On Wed, 10 Aug 2016 at 11:16 Steve Dower steve.dower@python.org wrote:
[SNIP]
Finally, the encoding of stdin, stdout and stderr are currently (correctly) inferred from the encoding of the console window that Python is attached to. However, this is typically a codepage that is different from the system codepage (i.e. it's not mbcs) and is almost certainly not Unicode. If users are starting Python from a console, they can use "chcp 65001" first to switch to UTF-8, and then *most* functionality works (input() has some issues, but those can be fixed with a slight rewrite and possibly breaking readline hooks).

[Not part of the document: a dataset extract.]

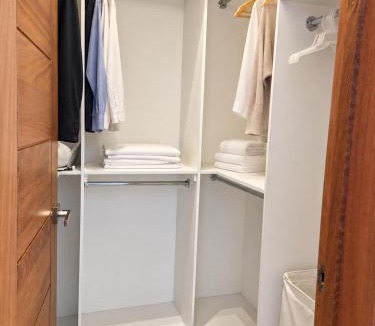 Downtown Santo Domingo Apartment | Refa Piantini Suites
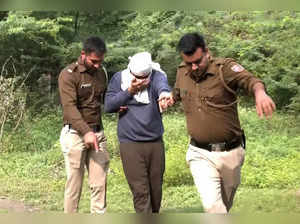 New Delhi, Nov 15 (ANI): Delhi Police brings the accused Aftab Amin Poonawalla i...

It is also possible for Python to change the current console encoding to be UTF-8 on initialize and change it back on finalize. (This would leave the console in an unexpected state if Python segfaults, but console encoding is probably the least of anyone's worries at that point.) So I'm proposing actively changing the current console to be Unicode while Python is running, and hence sys.std[in|out|err] will default to utf-8.
So that's a broad range of changes, and I have little hope of figuring out all the possible issues, back-compat risks, and flow-on effects on my own. Please let me know (either on-list or off-list) how a change like this would affect your projects, either positively or negatively, and whether you have any specific experience with these changes/fixes and think they should be approached differently.
To summarise the proposals (remembering that these would only affect Python 3.6 on Windows):
[SNIP]
- force the console encoding to UTF-8 on initialize and revert on finalize
Don't have enough Windows experience to comment on the other parts of this proposal, but for the console encoding I am a hearty +1 as I'm tired of Unicode characters failing to show up in the REPL.